Para preservar y disfrutar los testimonios de los poetas, oradores, filósofos e historiadores de la Antigüedad, los maestros renancentistas crearon los «studia humanitis», esto es, los estudios de todo cuanto habían producido los escritores de Grecia y Roma. Querían, precisamente, conservar los preciosos testimonios del pensamiento y el sentimiento humanos y perpetuar sus lecciones. La reconquista de esos veneros de cultura antigua tenía por objeto, no sólo el logro de un tipo de comunicación humana capaz de trascender el tiempo y el espacio, sino -además- el proyecto de configurar una sociedad civil regida por el principio de la convivencia y la tolerancia.

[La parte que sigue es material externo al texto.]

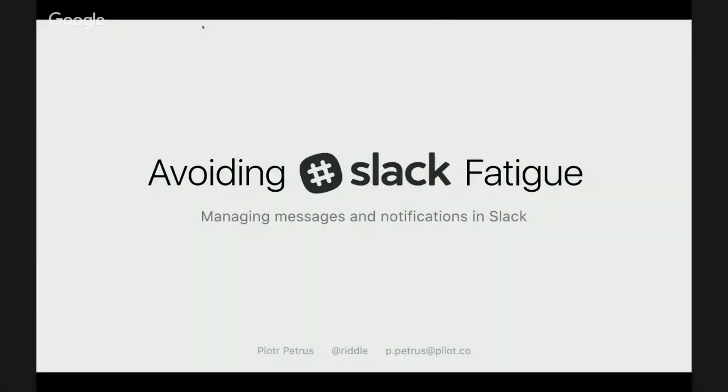Hello, my name is Piotr. I'm a user interface designer at Pilot, and this talk is about Slack fatigue and how to avoid it.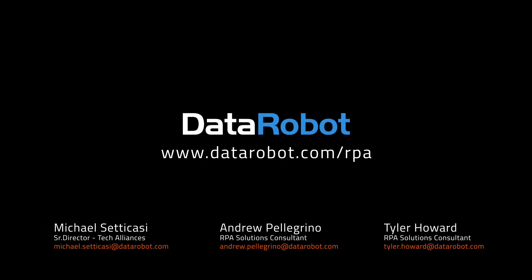To learn more about DataRobot AutoML with RPA, reach out to the DataRobot team or go to www.datarobot.com/rpa.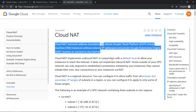Instances without an external IP may still want to connect to the internet — for example, to update a patch or install software. Cloud NAT implements only outbound network address translation; it does not implement inbound network address translation.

Los estudios humanísticos y, dentro de ellos, los estudios literarios, no han cesado desde su alborada en el siglo XV; han sufrido -como todas las disciplinas científicas- sus altos y bajos, pero hoy parecen más cerca de tocar su fin. El ideal de los humanistas de construir una sociedad dentro de la cual cada hombre pudiera realizarse plenamente, a la vez como individuo y como parte armónica de la comunidad, tuvo desde el principio sus secretos enemigos. ¿Quiénes son sus enemigos de hoy? Aquellos cuyo globalizado poder económico y político quiere -a nombre de una democracia domesticada por los medios masivos de persuasión- hacernos a todos iguales en la inconciencia, en la abulia y en los disfrutes mercenarios. El oculto proyecto de los magnates de hoy es el de reducir a los individuos humanos a la condición mental de apaciguados clones, incapaces de pensamiento y despojados de iniciativa.

En manos de las universidades públicas está el destino de los estudios humanísticos, de su continuidad y fortalecimiento, de la preservación del ideal humano de libertad y convivencia, de pensamiento y reflexión; en suma, a las universidades públicas -las únicas realmente vinculadas al mejor destino de la nación- corresponde la tarea de forjar a los individuos capaces de poner su entendimiento y sabiduría al servicio del bien común. Y así lo ha comprendido y practicado la Benemérita Universidad Autónoma de Puebla, cada vez más empeñada en el progreso de los estudios humanísticos. Hace años, tuve el privilegio de impartir cátedra en la Maestría en Ciencias del Lenguaje; más recientemente, dentro de los proyectos académicos auspiciados por la Facultad de Filosofía y Letras, he colaborado en el diseño de los planes de estudio de la Maestría en Literatura Mexicana, de la cual soy actualmente profesor. He procurado siempre rendir mi mejor esfuerzo en esta inacabada tarea de aprender a leer y escribir; mis compañeros y alumnos quisieron recompensar con creces esta sostenida vocación con uno de los máximos reconocimientos universitarios: el doctorado honoris causa. A ellos, que lo propusieron; a las autoridades académicas que los apoyaron y al Consejo Universitario que me consideró digno de recibirlo, la más conmovida gratitud de un trabajador de la palabra.